> _ACTIVITY_
Restate word for word the lines in the listing below, starting at the line containing "OJD Quick Brake" and ending at the line containing "Used - Sako", both included; leave out the rest.

> _DATASET RECORDS_
- - -

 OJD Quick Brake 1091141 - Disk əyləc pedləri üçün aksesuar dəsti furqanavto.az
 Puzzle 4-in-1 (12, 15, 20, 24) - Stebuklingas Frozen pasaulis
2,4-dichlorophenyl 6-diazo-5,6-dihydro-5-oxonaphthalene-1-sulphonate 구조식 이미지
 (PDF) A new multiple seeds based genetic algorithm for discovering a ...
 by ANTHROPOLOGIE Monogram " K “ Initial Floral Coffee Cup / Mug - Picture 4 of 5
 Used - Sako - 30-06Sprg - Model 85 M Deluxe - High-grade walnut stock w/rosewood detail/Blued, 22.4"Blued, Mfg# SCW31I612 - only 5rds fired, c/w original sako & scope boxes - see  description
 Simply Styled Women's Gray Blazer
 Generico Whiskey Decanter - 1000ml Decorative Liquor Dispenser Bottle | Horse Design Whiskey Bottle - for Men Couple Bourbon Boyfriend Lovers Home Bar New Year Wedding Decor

- - -

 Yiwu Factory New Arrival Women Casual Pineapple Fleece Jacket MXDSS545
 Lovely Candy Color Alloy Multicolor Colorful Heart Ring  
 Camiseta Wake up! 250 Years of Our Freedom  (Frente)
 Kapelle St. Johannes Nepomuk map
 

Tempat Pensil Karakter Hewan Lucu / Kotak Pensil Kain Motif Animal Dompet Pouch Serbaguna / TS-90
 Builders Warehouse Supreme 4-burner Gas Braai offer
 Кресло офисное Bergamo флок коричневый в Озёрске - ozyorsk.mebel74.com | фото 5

- - -

> _SOLUTION BELOW_
 OJD Quick Brake 1091141 - Disk əyləc pedləri üçün aksesuar dəsti furqanavto.az
 Puzzle 4-in-1 (12, 15, 20, 24) - Stebuklingas Frozen pasaulis
2,4-dichlorophenyl 6-diazo-5,6-dihydro-5-oxonaphthalene-1-sulphonate 구조식 이미지
 (PDF) A new multiple seeds based genetic algorithm for discovering a ...
 by ANTHROPOLOGIE Monogram " K “ Initial Floral Coffee Cup / Mug - Picture 4 of 5
 Used - Sako - 30-06Sprg - Model 85 M Deluxe - High-grade walnut stock w/rosewood detail/Blued, 22.4"Blued, Mfg# SCW31I612 - only 5rds fired, c/w original sako & scope boxes - see  description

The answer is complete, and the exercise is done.